(eng)Free Radio Berkeley vs. the Feds

The Anarchives (tao@presence.lglobal.com)
Wed, 14 Feb 1996 15:06:20 +0000 (GMT)


Feds trying to muzzle
Free Radio

By BenChamy
Oakland Tribune
February 11, 1996

BERKELEY - Federal regulators are again trying to silence Free
Berkeley Radio, the "guerrilla station" proudly, and illegally,
operating out of the rugged Berkeley hills.

Although losing on what was basically the same lawsuit more
than a year ago, Federal Communications Commission lawyers
again will ask a judge to silence this unlicensed station whose
components can fit in a backpack.

In January 1995, U.S. District Judge Claudia Wilken refused to
restrain station member Stephen Paul Dunifer from operating the
station, which has for three years been broadcasting its
electic mix of music, shows and screeds against the airwave
monopoly.
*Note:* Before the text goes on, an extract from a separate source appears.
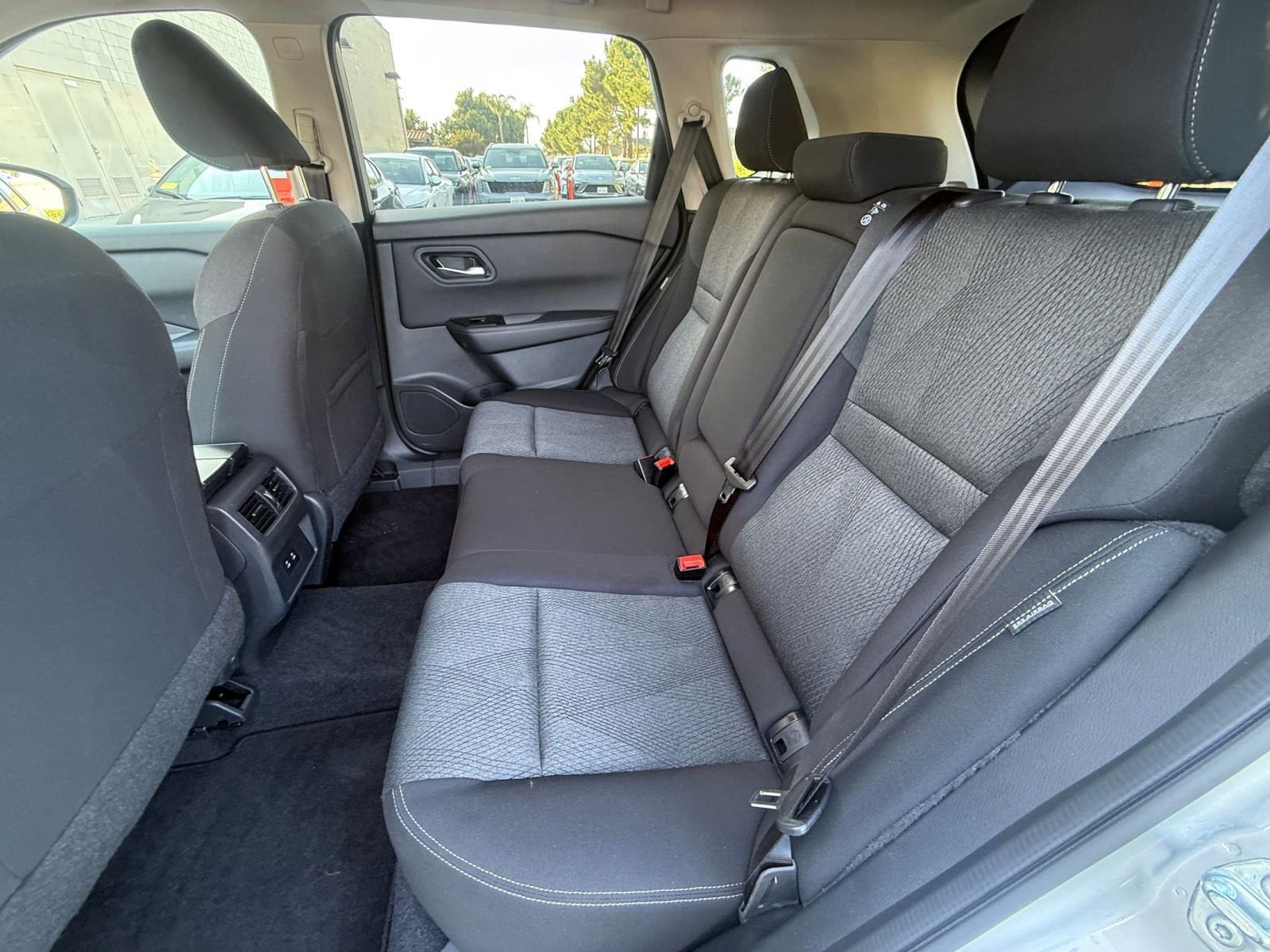 Thumbnail: 2025 Nissan Rogue - 24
Wilken also sald the FCC couldn't fine the man
$20,000.

She wrote the FCC could try again, but not until it addressed
constitutional issues Dunifer raised, including how the FCC's
own rules for imposing fines against illegal radio station
operators were arbitrary.

Feeling it has righted its own system, the FCC is launching
round 2. Although the issues may be the same, the stakes are
much higher this time around.

FCC attorneys say another ruling against federal regulators
will give credence to anyone with some technical know-how and
about $500 to crowd the FM dial with microstations.
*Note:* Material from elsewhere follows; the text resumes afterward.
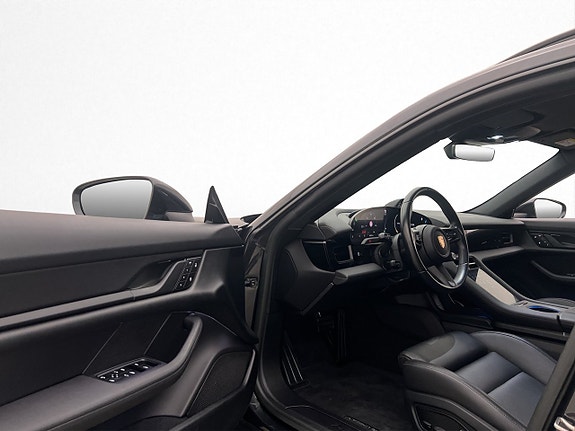 Porsche Taycan 14 of 30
"One of things we argue was that by (ruling against the FCC) it
will give carte blanche to others to violate the law," said
David Silberman, counsel for the FCC.

It may have already begun. In the past 18 months, the unli
censed Free Berkeley Radio has grown from a three hours a week
station with a few volunteers to a station broadcasting every
day, 24 hours a day and with a crew of about 60 people. It
also has switched spots on the radio dial, moving to 104.1 FM.
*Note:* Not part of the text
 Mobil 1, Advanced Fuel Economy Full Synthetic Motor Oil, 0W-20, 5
In the next few months, two new stations are being set up in
East Oakland and Berkeley. A station in Richmnond is gearing
up. Several more in the South Bay are readying themselves for
broadcast.

The FCC is also using the up-coming fight as a gauge whether to
move forward with other pending lawsuits against so called
"micro-stations.

One operates from a trailer parked on a San Francisco street,
according to Magalie Salas, of the FCC's enforcement compliance
division.

If the stakes a higher, the arguments are the same. The govern
ment says the station does not have a license, something
Dunifer readily admits. The signal also can interfere with
other radio stations, communications with airplanes and emer
gency services, the government says.

But what Dunifer has successfully argued is that "microradlo"
may be illegal based on FCC standards, but is essential as the
radio band gets crowded with million dollar company-owned
stations. The FCC currently has a ban on any station operating
under 100 watts. Microstations use 10 watt antennas to
broadcast.

Luke Hiken, Dunifer's attorney, said microradio help a
community that can't afford the hundreds of thousands it would
take to establish stations of their own to serve the unique
needs of a community, he says (sic).

'Microradlo is becoming the flyer of the 1990s," said
Dunifer's attorney, Luke Hiken.
Free Berkeley Radio, for instance, offers an eclectic mix of
programs, ranging from local rap groups, shows on composting,
programs produced by local homeless people to bicycle
maintenance shows.

"Many of these broadcasters view their activities, aired to
encourage public discussion and debate, not as illegal, but
instead as in the finest tradition of American democracy,"
writes Jesse Palmer, who represents several groups such as Food
Not Bombs which routinely has programs on Free Berkeley Radio.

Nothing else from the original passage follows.